Mental Health Conditions
Many children are born with mental health conditions that are not linked to the parents raising strategies. Conditions such as depression, ADHD, and bipolar disorder can be genetic and can also have a huge impact on the behaviours a child shows no matter how hard a guardian tries.
What is Considered a Toxic Parent?
It can be hard to identify a toxic parent because toxic personalities can show up in any of these strategies. Toxic parents may seem caring and engaging and might stick to all the right strategies but they can still give off a toxic effect. Here is a quick look at the main characteristics of toxic parenting:
- These parents always place their feelings above the needs or feelings of their children.

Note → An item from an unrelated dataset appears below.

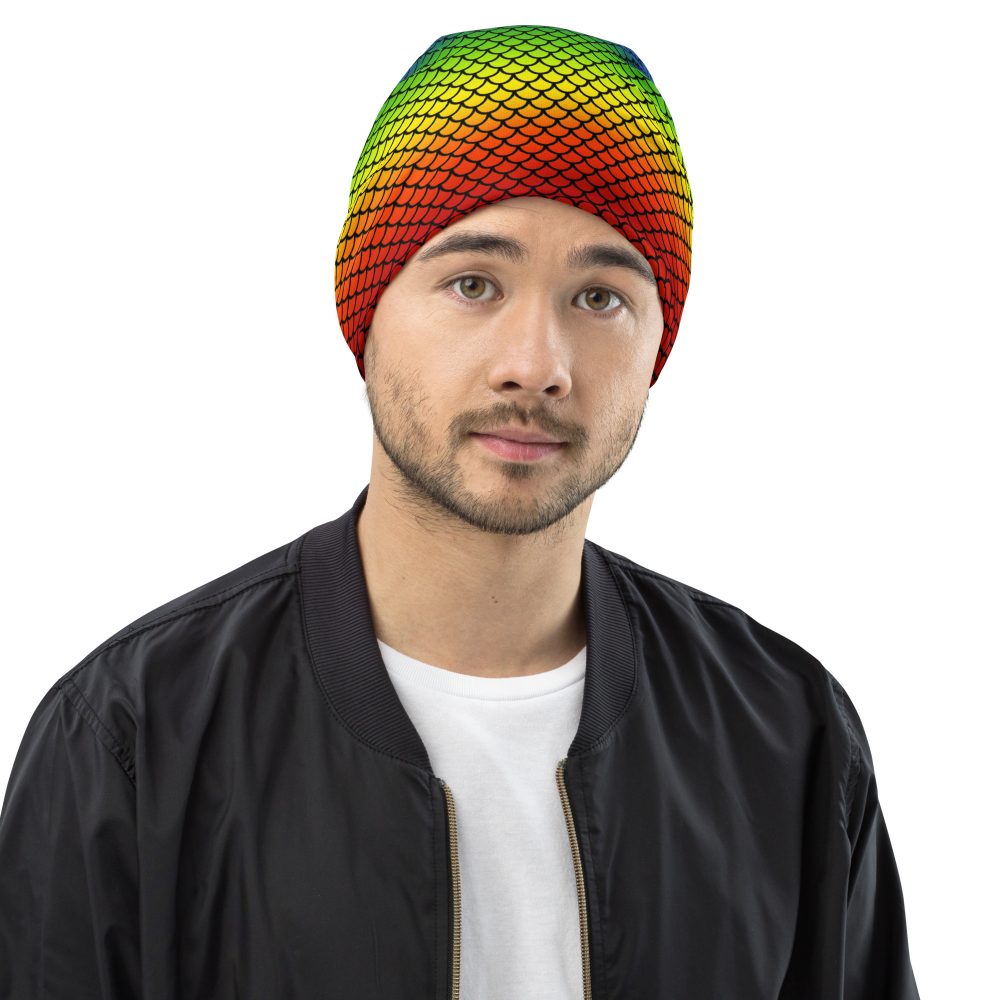 Rainbow Mermaid Double Layered Soft Beanie - Image 16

- These parents cannot see a child’s boundaries. They believe that they have a right to stomp over a child’s boundaries because they own their home and are responsible for the child. Examples can include prying on a child’s private life, bursting into a room whenever they like to, or listening into conversations.
- These parents love to use a child’s guilt to control the way their children behave or to force them to do certain things.
- Toxic parents demand a child’s attention and instant gratification. They tend to feel threatened when their control over a child starts to slip.
- These parents usually don’t talk to or listen to their kids. Instead, they tend to talk ‘at’ their children.
- One of the worst traits of a toxic parent is their way of taking love and affection away when a child doesn’t act the way they want them to.
- Toxic parents can also be overly critical. Instead of guiding and helping a child reach a goal, they can become judgmental when a child doesn’t meet the desires or dreams the parent has in place for them.
- Some parents can become jealous of their children’s achievements and might start to make comments to break down a child’s self-esteem.
- These parents often hold a child responsible for their happiness and achievements. They might force a child to choose between them and another parent or they might feign sadness and disappointment when a child doesn’t choose the academic direction or sports they want them to do.
- Children of these parents are often afraid of them. They might be afraid of disappointing a parent, that a parent might retract their love and affection, or they can be afraid that their parents might resolve to self-harm should they not act in the desired manner.
- Extremely toxic parents are also the ones who resort to physical, sexual, and mental abuse.
Can You Change Your Parenting Style?
Changing parenting styles isn’t easy because it involves changing your lifestyle. Many everyday activities will need to be amended. For example, if you are an unresponsive parent then you might need to start putting away your phone so you can be more alert and engaged.
If you are a disciplinarian parent, you might need to tone down your punishments for your child and become more open-minded, or at the very least, learn to communicate better so you can explain to your child why you have certain rules in place.
It might be difficult to change your parenting strategies but it is not impossible. To become the kind of parent you truly want to be, you can start by reading modern parenting books on Authoritative styles, set yourself and children clear rules and you can undergo parenting workshops.
There is no such thing as a perfect parent. Everyone makes mistakes. The only thing that separates you from toxic parents and that might keep you on track of the strategy you want to follow is to keep trying.
You will fail several times when it comes to implementing your strategy. You will also make a great many mistakes and even the best parents get bad days where they become neglectful.
But in the end, it is all about your will to keep trying. Don’t give up. Get up each day, set your focus on your strategies, and keep trying to reach your goals. Parenting is one of the hardest things you will ever do in your life.